● **Exercise directions**
The goal is a clean copy of all the data below, with pictures dropped and everything else retyped exactly.

● **Supplied data**

········

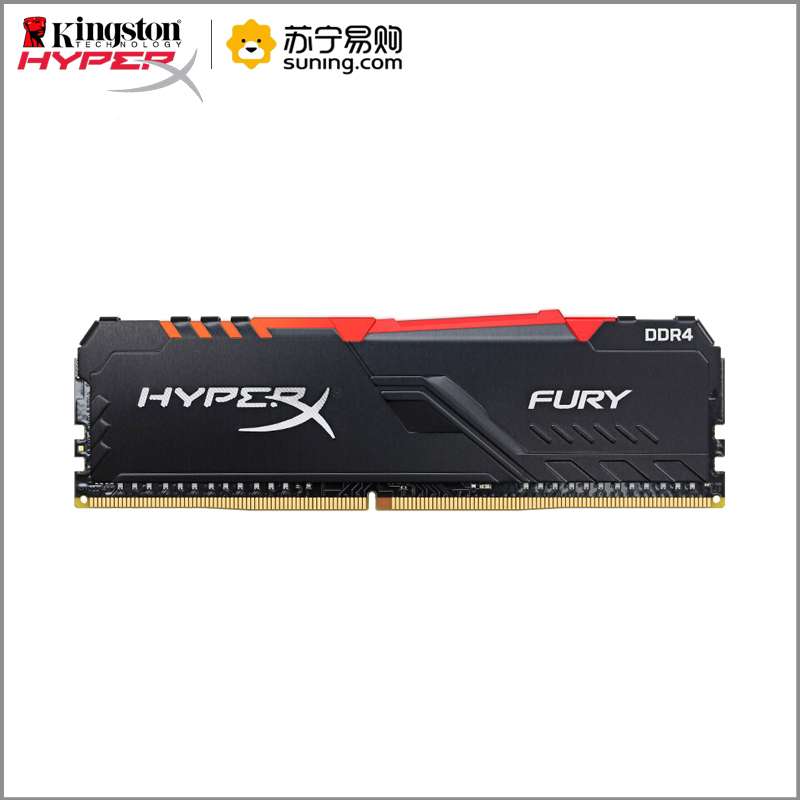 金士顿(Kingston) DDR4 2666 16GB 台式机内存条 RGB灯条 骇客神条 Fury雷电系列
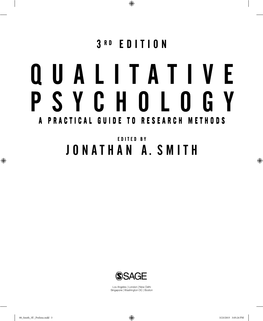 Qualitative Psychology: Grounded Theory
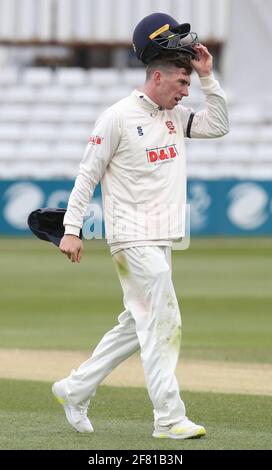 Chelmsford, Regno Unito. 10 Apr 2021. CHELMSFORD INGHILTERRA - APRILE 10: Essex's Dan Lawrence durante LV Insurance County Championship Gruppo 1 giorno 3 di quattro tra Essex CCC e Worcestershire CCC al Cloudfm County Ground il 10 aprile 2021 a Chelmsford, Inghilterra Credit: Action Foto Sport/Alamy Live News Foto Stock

········

● **Response box**
 金士顿(Kingston) DDR4 2666 16GB 台式机内存条 RGB灯条 骇客神条 Fury雷电系列
 Qualitative Psychology: Grounded Theory
 Chelmsford, Regno Unito. 10 Apr 2021. CHELMSFORD INGHILTERRA - APRILE 10: Essex's Dan Lawrence durante LV Insurance County Championship Gruppo 1 giorno 3 di quattro tra Essex CCC e Worcestershire CCC al Cloudfm County Ground il 10 aprile 2021 a Chelmsford, Inghilterra Credit: Action Foto Sport/Alamy Live News Foto Stock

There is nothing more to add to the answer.